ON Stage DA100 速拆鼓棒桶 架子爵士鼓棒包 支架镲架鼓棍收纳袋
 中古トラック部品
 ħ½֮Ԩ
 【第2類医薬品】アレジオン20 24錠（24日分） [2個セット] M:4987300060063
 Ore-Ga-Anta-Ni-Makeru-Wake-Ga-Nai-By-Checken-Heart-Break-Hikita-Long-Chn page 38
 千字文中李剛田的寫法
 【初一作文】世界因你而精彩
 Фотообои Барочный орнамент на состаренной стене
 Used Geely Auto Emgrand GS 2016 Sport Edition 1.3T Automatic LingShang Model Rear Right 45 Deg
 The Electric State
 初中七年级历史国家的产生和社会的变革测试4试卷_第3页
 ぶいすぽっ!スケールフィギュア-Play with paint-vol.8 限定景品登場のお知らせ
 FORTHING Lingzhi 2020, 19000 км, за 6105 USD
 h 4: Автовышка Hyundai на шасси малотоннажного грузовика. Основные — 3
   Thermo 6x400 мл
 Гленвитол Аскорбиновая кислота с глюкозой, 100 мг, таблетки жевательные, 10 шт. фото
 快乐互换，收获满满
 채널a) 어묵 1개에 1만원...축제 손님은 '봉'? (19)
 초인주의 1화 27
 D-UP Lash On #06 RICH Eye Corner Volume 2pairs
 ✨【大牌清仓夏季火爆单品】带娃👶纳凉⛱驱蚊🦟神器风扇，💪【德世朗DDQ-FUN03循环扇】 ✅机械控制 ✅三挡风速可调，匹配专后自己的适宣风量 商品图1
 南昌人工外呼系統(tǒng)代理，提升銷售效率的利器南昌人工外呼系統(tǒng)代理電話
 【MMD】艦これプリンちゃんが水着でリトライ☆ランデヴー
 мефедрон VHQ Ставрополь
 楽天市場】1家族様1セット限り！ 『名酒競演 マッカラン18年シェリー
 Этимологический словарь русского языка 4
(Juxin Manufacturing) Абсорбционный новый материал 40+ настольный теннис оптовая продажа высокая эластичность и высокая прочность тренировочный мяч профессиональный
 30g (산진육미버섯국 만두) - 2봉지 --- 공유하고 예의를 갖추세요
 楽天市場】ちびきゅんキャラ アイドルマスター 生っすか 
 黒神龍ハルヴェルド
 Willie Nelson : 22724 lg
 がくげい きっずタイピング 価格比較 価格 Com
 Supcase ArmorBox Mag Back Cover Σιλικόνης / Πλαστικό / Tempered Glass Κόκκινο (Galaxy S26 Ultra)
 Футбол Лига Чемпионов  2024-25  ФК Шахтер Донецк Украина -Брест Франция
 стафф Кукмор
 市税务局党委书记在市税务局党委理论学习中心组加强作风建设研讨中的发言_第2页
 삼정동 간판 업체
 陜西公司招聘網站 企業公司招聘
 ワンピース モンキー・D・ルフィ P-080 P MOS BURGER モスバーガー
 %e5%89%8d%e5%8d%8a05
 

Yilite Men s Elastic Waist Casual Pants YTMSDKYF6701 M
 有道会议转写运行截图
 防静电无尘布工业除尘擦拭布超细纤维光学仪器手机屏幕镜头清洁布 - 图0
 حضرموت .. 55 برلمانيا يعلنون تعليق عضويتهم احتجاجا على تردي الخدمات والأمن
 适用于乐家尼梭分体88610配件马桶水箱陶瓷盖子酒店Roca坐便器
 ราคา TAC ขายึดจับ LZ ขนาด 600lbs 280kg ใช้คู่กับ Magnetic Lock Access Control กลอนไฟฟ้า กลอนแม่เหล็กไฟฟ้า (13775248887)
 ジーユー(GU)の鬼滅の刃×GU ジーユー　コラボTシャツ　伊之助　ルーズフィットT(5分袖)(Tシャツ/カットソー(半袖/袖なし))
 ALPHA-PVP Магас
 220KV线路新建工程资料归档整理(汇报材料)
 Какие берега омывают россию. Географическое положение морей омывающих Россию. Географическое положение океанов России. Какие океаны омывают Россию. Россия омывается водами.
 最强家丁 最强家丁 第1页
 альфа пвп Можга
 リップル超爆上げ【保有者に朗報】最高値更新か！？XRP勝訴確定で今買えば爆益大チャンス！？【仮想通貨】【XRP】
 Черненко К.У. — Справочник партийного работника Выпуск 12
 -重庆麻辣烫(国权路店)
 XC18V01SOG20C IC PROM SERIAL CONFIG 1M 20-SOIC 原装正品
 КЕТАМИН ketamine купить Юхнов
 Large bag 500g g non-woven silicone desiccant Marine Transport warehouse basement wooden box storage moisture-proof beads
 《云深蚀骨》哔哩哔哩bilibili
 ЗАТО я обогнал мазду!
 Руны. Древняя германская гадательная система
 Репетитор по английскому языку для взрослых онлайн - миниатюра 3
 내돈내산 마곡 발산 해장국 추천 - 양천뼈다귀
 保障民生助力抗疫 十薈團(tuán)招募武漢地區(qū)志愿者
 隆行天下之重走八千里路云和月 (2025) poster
____________________
▶ **EXERCISE REQUIREMENTS**:
Produce the material again exactly as it is shown above.

▶ **PROBLEM SOLUTION**:
ON Stage DA100 速拆鼓棒桶 架子爵士鼓棒包 支架镲架鼓棍收纳袋
 中古トラック部品
 ħ½֮Ԩ
 【第2類医薬品】アレジオン20 24錠（24日分） [2個セット] M:4987300060063
 Ore-Ga-Anta-Ni-Makeru-Wake-Ga-Nai-By-Checken-Heart-Break-Hikita-Long-Chn page 38
 千字文中李剛田的寫法
 【初一作文】世界因你而精彩
 Фотообои Барочный орнамент на состаренной стене
 Used Geely Auto Emgrand GS 2016 Sport Edition 1.3T Automatic LingShang Model Rear Right 45 Deg
 The Electric State
 初中七年级历史国家的产生和社会的变革测试4试卷_第3页
 ぶいすぽっ!スケールフィギュア-Play with paint-vol.8 限定景品登場のお知らせ
 FORTHING Lingzhi 2020, 19000 км, за 6105 USD
 h 4: Автовышка Hyundai на шасси малотоннажного грузовика. Основные — 3
   Thermo 6x400 мл
 Гленвитол Аскорбиновая кислота с глюкозой, 100 мг, таблетки жевательные, 10 шт. фото
 快乐互换，收获满满
 채널a) 어묵 1개에 1만원...축제 손님은 '봉'? (19)
 초인주의 1화 27
 D-UP Lash On #06 RICH Eye Corner Volume 2pairs
 ✨【大牌清仓夏季火爆单品】带娃👶纳凉⛱驱蚊🦟神器风扇，💪【德世朗DDQ-FUN03循环扇】 ✅机械控制 ✅三挡风速可调，匹配专后自己的适宣风量 商品图1
 南昌人工外呼系統(tǒng)代理，提升銷售效率的利器南昌人工外呼系統(tǒng)代理電話
 【MMD】艦これプリンちゃんが水着でリトライ☆ランデヴー
 мефедрон VHQ Ставрополь
 楽天市場】1家族様1セット限り！ 『名酒競演 マッカラン18年シェリー
 Этимологический словарь русского языка 4
(Juxin Manufacturing) Абсорбционный новый материал 40+ настольный теннис оптовая продажа высокая эластичность и высокая прочность тренировочный мяч профессиональный
 30g (산진육미버섯국 만두) - 2봉지 --- 공유하고 예의를 갖추세요
 楽天市場】ちびきゅんキャラ アイドルマスター 生っすか 
 黒神龍ハルヴェルド
 Willie Nelson : 22724 lg
 がくげい きっずタイピング 価格比較 価格 Com
 Supcase ArmorBox Mag Back Cover Σιλικόνης / Πλαστικό / Tempered Glass Κόκκινο (Galaxy S26 Ultra)
 Футбол Лига Чемпионов  2024-25  ФК Шахтер Донецк Украина -Брест Франция
 стафф Кукмор
 市税务局党委书记在市税务局党委理论学习中心组加强作风建设研讨中的发言_第2页
 삼정동 간판 업체
 陜西公司招聘網站 企業公司招聘
 ワンピース モンキー・D・ルフィ P-080 P MOS BURGER モスバーガー
 %e5%89%8d%e5%8d%8a05
 

Yilite Men s Elastic Waist Casual Pants YTMSDKYF6701 M
 有道会议转写运行截图
 防静电无尘布工业除尘擦拭布超细纤维光学仪器手机屏幕镜头清洁布 - 图0
 حضرموت .. 55 برلمانيا يعلنون تعليق عضويتهم احتجاجا على تردي الخدمات والأمن
 适用于乐家尼梭分体88610配件马桶水箱陶瓷盖子酒店Roca坐便器
 ราคา TAC ขายึดจับ LZ ขนาด 600lbs 280kg ใช้คู่กับ Magnetic Lock Access Control กลอนไฟฟ้า กลอนแม่เหล็กไฟฟ้า (13775248887)
 ジーユー(GU)の鬼滅の刃×GU ジーユー　コラボTシャツ　伊之助　ルーズフィットT(5分袖)(Tシャツ/カットソー(半袖/袖なし))
 ALPHA-PVP Магас
 220KV线路新建工程资料归档整理(汇报材料)
 Какие берега омывают россию. Географическое положение морей омывающих Россию. Географическое положение океанов России. Какие океаны омывают Россию. Россия омывается водами.
 最强家丁 最强家丁 第1页
 альфа пвп Можга
 リップル超爆上げ【保有者に朗報】最高値更新か！？XRP勝訴確定で今買えば爆益大チャンス！？【仮想通貨】【XRP】
 Черненко К.У. — Справочник партийного работника Выпуск 12
 -重庆麻辣烫(国权路店)
 XC18V01SOG20C IC PROM SERIAL CONFIG 1M 20-SOIC 原装正品
 КЕТАМИН ketamine купить Юхнов
 Large bag 500g g non-woven silicone desiccant Marine Transport warehouse basement wooden box storage moisture-proof beads
 《云深蚀骨》哔哩哔哩bilibili
 ЗАТО я обогнал мазду!
 Руны. Древняя германская гадательная система
 Репетитор по английскому языку для взрослых онлайн - миниатюра 3
 내돈내산 마곡 발산 해장국 추천 - 양천뼈다귀
 保障民生助力抗疫 十薈團(tuán)招募武漢地區(qū)志愿者
 隆行天下之重走八千里路云和月 (2025) poster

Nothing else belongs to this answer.